Some areas in Colorado have experienced changes in water chemistry as a result of recovery from acid deposition57. In Coal Creek, pH has remained within a relatively stable range between 7 and 8.5 (Supplementary Fig. 3). Recovery from acid precipitation however may not express as increasing pH but as decreasing ratios of (Ca + Mg) to alkalinity, as watersheds gradually lose sulfuric acid as an additional acid source for weathering58. The (Ca + Mg)/DIC ratios from 2016 to 2019 do not indicate a strong correlation with sulfate but decrease with discharge. This is possibly due to higher proportions of water from shallow soil zone with low Ca and Mg concentrations in wet years. Analysis for long-term trend line will require long-term data of sulfate, Ca, Mg, and alkalinity or DIC. In Coal Creek, the lack of these long-term data prevents such analysis such that we cannot fully rule out the possibility of acid rain impacts.

Quantifying the long-term trend: a call for establishing HEMs as sentinel sites for consistent and persistent monitoring

The contrasting variations across different solutes accentuate the complex response of Earth’s surface processes to warming. Comparison analysis for long-term and short-term data does not lead to decisive conclusions about the long-term response of stream chemistry to environmental conditions in this work. As highlighted in Fig. 7, the LOADEST model developed using long-term data captured the dynamics and concentration range exhibited in these data, and projected the solute dynamics in very similar patterns as in long-term data. In other words, models can only be as good as data. It is important to keep in mind that the infrequent, bimonthly data typically recorded only one- or two-points during snowmelt, often missing the snowmelt peaks where the highest concentrations of DOC and lowest concentrations of geogenic solutes occur. The increase in Fe and Al in 2016 potentially indicates that variations observed in recent years have already occurred in earlier years. But low-frequency measurements cannot capture these dynamics. As such we cannot draw unequivocal conclusions about the long-term trend.
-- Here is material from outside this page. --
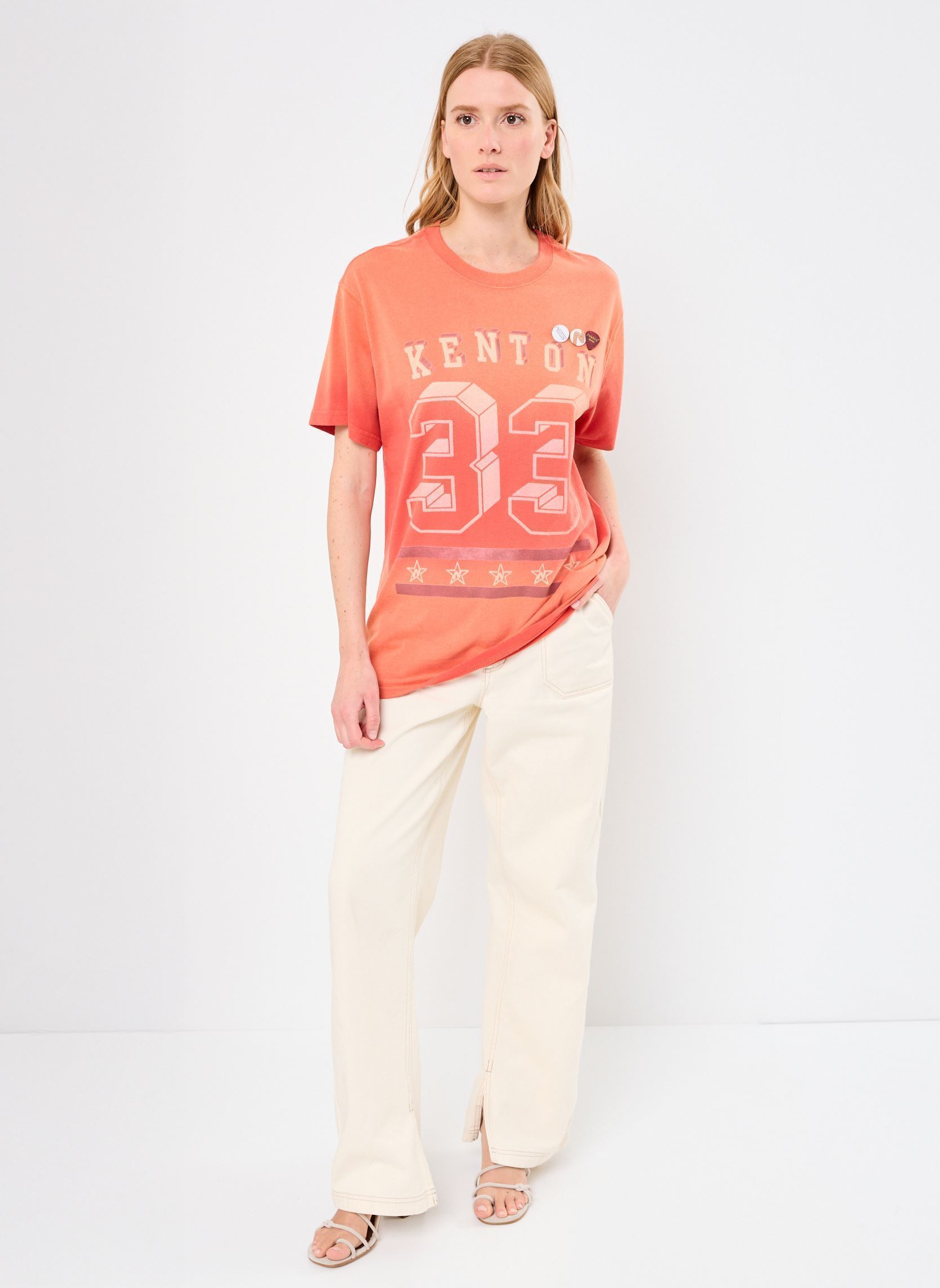 Camisetas de manga corta TSHIRT TRUCKER KENTON mujer naranja Newtone Camisetas de manga corta TSHIRT TRUCKER KENTON mujer naranja VINTAGEBLOOD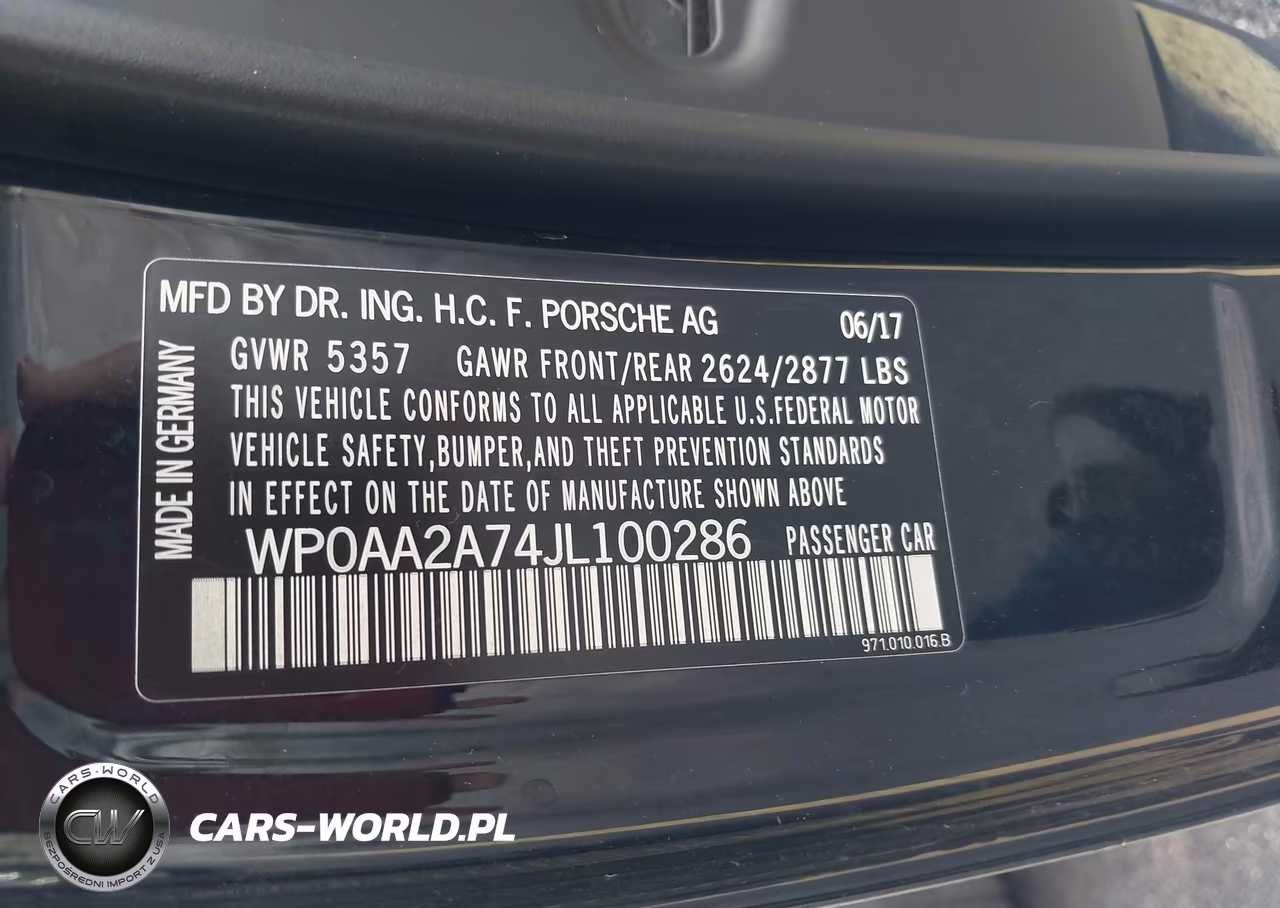 2018 Porsche Panamera 4 VIN:WP0AA2A74JL100286 - 9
The concerted escalation of biogenic solute concentrations in topsoils may collaboratively suggest changes occur fastest and earliest in the top thin veneer of the Earth surface with abundant stores of OM. These marked increases may be also an early sign of a tipping point of climate change, above which the rates of soil carbon decomposition may increase substantially. However, this message will remain equivocal with the lack of long-term data at consistent, sufficient frequency. This work underscores therefore the needs for long-term data with sufficient sampling frequency that capture the full dynamics of stream solute variation, in particular under temperature and flow conditions where rapid changes occur. Such data can rule out the possibility of temporal aliasing, differentiate multiple mechanisms, and enable hypothesis testing.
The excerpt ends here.